━━━━━ THE DATA ━━━━━

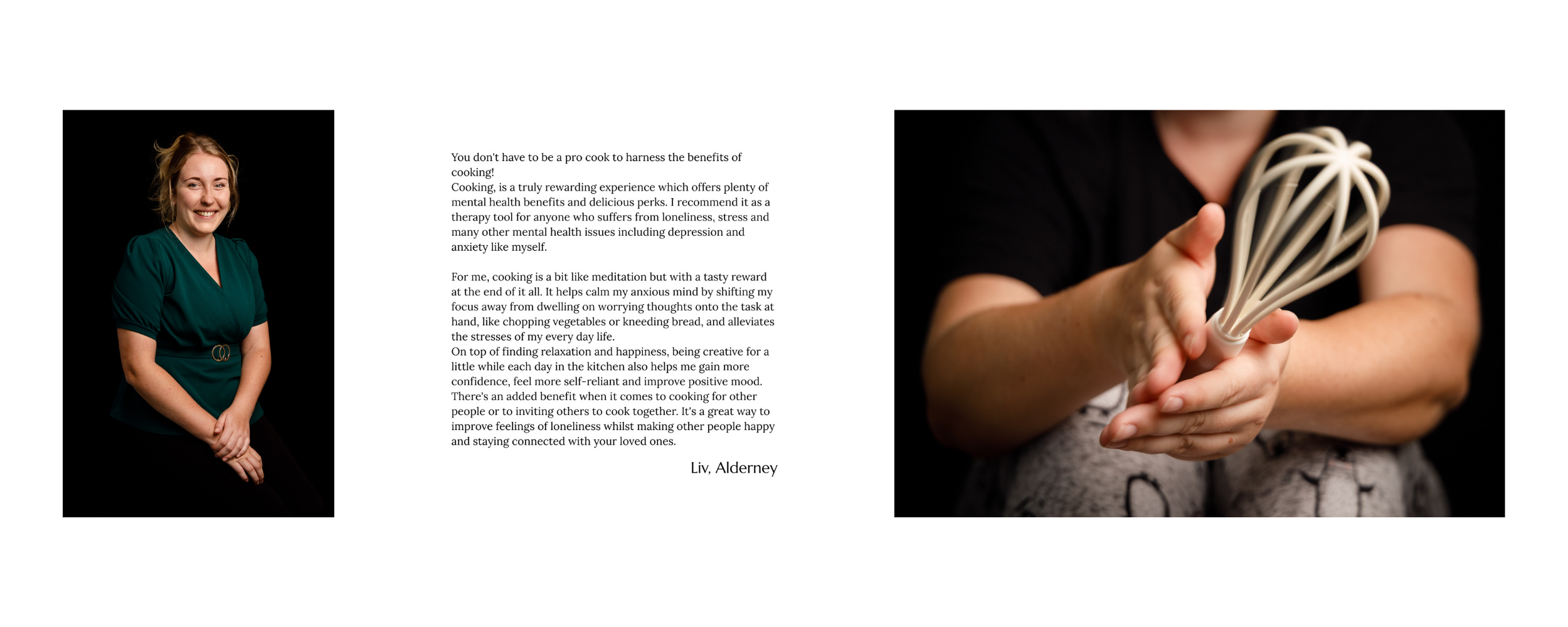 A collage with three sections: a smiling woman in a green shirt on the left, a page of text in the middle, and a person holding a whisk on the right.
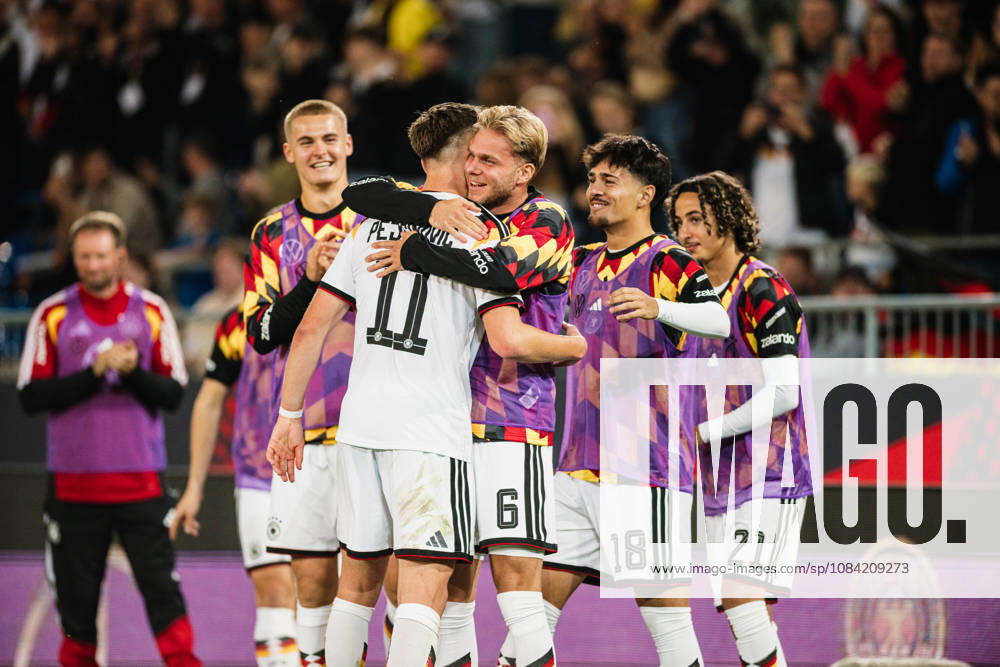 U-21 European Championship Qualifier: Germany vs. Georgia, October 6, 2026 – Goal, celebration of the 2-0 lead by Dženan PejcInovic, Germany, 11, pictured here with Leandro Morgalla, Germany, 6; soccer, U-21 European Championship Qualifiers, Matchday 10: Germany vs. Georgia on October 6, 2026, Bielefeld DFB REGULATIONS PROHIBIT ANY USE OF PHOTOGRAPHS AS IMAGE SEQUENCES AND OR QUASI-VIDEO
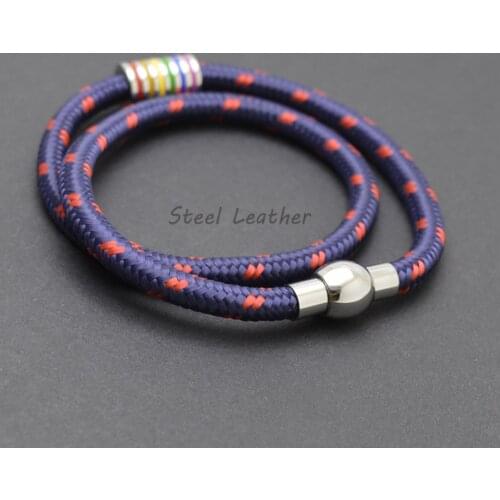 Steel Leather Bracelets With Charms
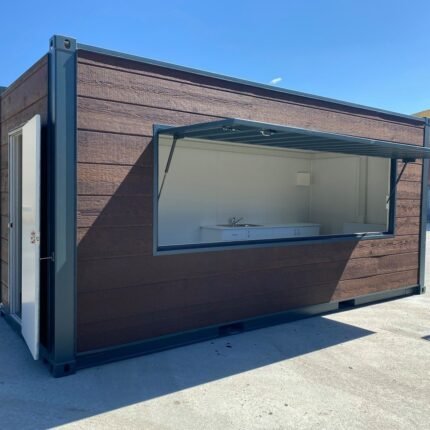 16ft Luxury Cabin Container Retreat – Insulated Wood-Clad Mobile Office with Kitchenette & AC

━━━━━

#### [WORK ITEM]
Your copy should match the data exactly, apart from the images, which are dropped.

#### [RESPONSE]
 A collage with three sections: a smiling woman in a green shirt on the left, a page of text in the middle, and a person holding a whisk on the right.
 U-21 European Championship Qualifier: Germany vs. Georgia, October 6, 2026 – Goal, celebration of the 2-0 lead by Dženan PejcInovic, Germany, 11, pictured here with Leandro Morgalla, Germany, 6; soccer, U-21 European Championship Qualifiers, Matchday 10: Germany vs. Georgia on October 6, 2026, Bielefeld DFB REGULATIONS PROHIBIT ANY USE OF PHOTOGRAPHS AS IMAGE SEQUENCES AND OR QUASI-VIDEO
 Steel Leather Bracelets With Charms
 16ft Luxury Cabin Container Retreat – Insulated Wood-Clad Mobile Office with Kitchenette & AC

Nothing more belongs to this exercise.